Como se podrán imaginar, uno de los aspectos de mi carrera profesional es escuchar las quejas y muchas veces las excusas de mis clientes y/o estudiantes.  Una de las más comunes es, “no puedo hacer ejercicio porque me duelen las rodillas.”   Lo interesante es que la solución para ayudar con rodillas afectadas por artritis, lastimaduras o dolor en general es el mismo ejercicio que están evitando.
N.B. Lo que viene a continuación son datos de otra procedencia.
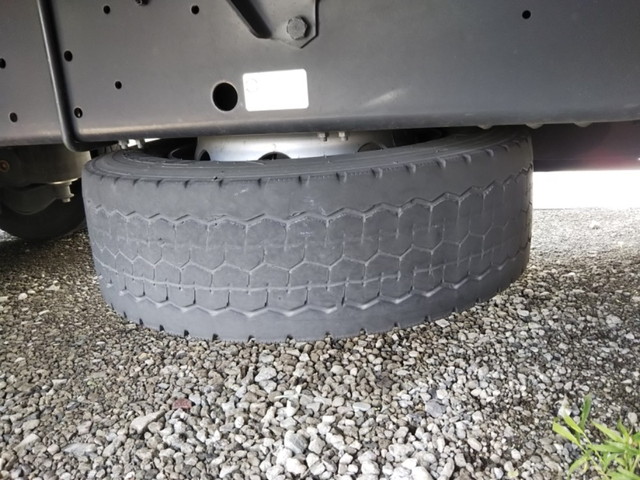 いすゞギガアルミウイング大型（10t）[写真14]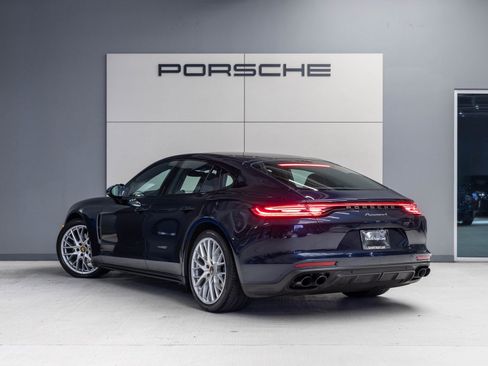 Used 2023 Porsche Panamera 4 Platinum Edition image 3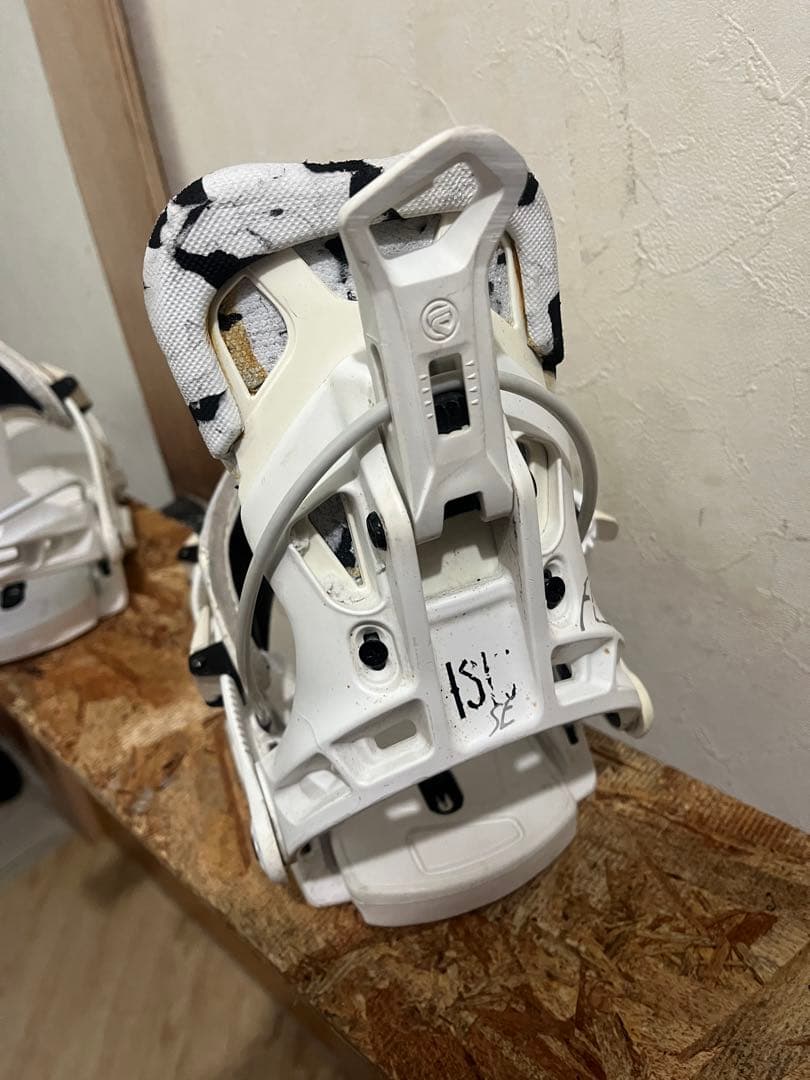 軽量！ワンタッチバイン！FLOW ISIS Mサイズ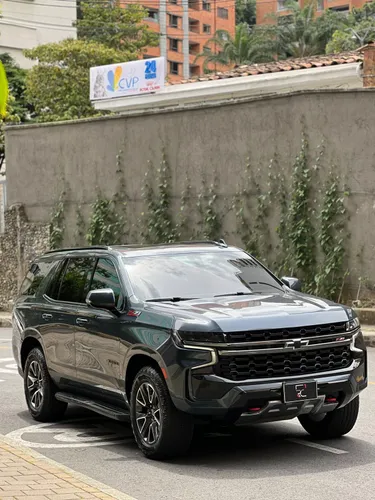 Chevrolet Tahoe Z71 5.3cc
Nuestras articulaciones son compuestas de coyunturas, cartílago, tendones, ligamentos, etc. Con el tiempo, ya sea por degeneración genética o por algún trauma, estos componentes son afectados y causan dolor, especialmente al impactarlos con sobrepeso.  Los anti-inflamatorios son una solución temporal y la cirugía es invasiva mientras, a su vez, el resultado no es garantizado.

Una de las maneras más eficaces de aliviar el estrés en las articulaciones es perdiendo peso excesivo. Recientes estudios ortopédicos revelan que cada libra de peso es equivalente a 8 libras de presión sobre las articulaciones. En otras palabras, al perder sólo 5 libras, se remueven 40 libras de presión sobre las articulaciones. Además, también es importante fortalecer los músculos que rodean las articulaciones para así apoyar la coyuntura y facilitar su movimiento.

Por lo tanto, en vez de decir, “No hago ejercicio porque me duelen mis rodillas,” se diga, “Porque me duelen mis rodillas, es que hago ejercicio.”